Collected data entries:
----------------

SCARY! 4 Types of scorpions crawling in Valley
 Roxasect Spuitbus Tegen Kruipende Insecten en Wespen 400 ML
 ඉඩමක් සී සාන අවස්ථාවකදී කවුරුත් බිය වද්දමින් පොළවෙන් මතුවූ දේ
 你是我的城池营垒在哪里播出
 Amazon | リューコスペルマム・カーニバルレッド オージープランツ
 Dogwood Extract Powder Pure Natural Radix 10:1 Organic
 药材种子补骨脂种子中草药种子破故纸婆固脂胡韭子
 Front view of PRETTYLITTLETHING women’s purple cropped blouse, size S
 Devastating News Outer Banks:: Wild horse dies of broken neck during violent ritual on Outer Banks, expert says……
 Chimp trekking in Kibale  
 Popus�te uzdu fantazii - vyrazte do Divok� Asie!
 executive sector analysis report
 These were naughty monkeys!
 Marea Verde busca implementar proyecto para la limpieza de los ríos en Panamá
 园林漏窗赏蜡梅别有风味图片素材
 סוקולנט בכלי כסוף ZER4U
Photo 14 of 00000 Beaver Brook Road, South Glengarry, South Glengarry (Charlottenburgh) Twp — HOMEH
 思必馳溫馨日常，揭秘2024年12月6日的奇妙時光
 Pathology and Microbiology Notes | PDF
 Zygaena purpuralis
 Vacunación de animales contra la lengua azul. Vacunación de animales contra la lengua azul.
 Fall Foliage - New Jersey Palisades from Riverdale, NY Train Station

----------------

WORK REQUIRED » Each line from the one containing "Popus�te uzdu fantazii" to the last line above must be returned exactly, and no line outside that range.

REPLY »
 Popus�te uzdu fantazii - vyrazte do Divok� Asie!
 executive sector analysis report
 These were naughty monkeys!
 Marea Verde busca implementar proyecto para la limpieza de los ríos en Panamá
 园林漏窗赏蜡梅别有风味图片素材
 סוקולנט בכלי כסוף ZER4U
Photo 14 of 00000 Beaver Brook Road, South Glengarry, South Glengarry (Charlottenburgh) Twp — HOMEH
 思必馳溫馨日常，揭秘2024年12月6日的奇妙時光
 Pathology and Microbiology Notes | PDF
 Zygaena purpuralis
 Vacunación de animales contra la lengua azul. Vacunación de animales contra la lengua azul.
 Fall Foliage - New Jersey Palisades from Riverdale, NY Train Station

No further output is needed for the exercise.